§ **Task to carry out**
Filter the entries below down to the lines that hold "obtained".

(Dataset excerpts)
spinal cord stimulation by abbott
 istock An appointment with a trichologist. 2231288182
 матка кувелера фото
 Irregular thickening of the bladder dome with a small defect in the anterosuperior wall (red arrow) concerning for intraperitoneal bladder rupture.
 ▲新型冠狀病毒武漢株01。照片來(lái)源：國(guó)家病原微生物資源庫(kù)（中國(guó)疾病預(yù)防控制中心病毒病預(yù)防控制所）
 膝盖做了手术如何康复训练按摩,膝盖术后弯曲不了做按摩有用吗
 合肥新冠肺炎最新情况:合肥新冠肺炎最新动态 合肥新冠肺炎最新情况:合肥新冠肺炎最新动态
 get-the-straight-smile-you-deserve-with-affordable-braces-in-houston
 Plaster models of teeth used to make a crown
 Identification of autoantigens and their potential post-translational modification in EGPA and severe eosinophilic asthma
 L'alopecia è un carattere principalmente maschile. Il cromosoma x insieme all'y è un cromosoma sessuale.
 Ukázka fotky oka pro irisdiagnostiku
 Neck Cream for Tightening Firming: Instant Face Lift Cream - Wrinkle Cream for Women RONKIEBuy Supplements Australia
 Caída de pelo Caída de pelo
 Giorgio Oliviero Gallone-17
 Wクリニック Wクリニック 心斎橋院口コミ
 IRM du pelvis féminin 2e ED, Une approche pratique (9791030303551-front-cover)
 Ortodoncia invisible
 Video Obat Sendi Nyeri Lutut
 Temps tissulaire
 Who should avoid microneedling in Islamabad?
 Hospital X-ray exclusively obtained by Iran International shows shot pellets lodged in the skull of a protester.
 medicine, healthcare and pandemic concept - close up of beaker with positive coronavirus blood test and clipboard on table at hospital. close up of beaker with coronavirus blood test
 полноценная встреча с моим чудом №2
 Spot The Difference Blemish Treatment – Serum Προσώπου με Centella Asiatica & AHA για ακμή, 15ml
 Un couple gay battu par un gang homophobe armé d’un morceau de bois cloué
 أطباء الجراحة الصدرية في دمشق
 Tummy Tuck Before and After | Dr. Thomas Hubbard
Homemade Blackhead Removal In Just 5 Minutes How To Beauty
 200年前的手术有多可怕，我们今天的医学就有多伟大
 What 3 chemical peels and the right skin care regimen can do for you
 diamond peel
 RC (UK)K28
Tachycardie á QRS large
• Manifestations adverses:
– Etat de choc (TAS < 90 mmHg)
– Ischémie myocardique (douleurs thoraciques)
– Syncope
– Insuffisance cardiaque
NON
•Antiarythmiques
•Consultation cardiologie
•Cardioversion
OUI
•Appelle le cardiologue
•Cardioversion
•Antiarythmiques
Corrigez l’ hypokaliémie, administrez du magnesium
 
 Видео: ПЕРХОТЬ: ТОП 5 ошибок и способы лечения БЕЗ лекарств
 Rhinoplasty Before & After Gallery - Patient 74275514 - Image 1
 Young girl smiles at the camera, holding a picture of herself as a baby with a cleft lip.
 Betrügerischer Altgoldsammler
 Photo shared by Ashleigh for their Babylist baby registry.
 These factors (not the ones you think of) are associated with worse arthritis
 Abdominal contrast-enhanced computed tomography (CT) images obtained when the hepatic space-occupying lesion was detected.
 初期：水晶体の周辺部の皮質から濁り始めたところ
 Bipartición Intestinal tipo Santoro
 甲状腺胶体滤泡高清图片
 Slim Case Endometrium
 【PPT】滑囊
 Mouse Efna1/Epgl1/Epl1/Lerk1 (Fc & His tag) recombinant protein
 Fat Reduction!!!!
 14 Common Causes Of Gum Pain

§ **Output of the exercise**
 Hospital X-ray exclusively obtained by Iran International shows shot pellets lodged in the skull of a protester.
 Abdominal contrast-enhanced computed tomography (CT) images obtained when the hepatic space-occupying lesion was detected.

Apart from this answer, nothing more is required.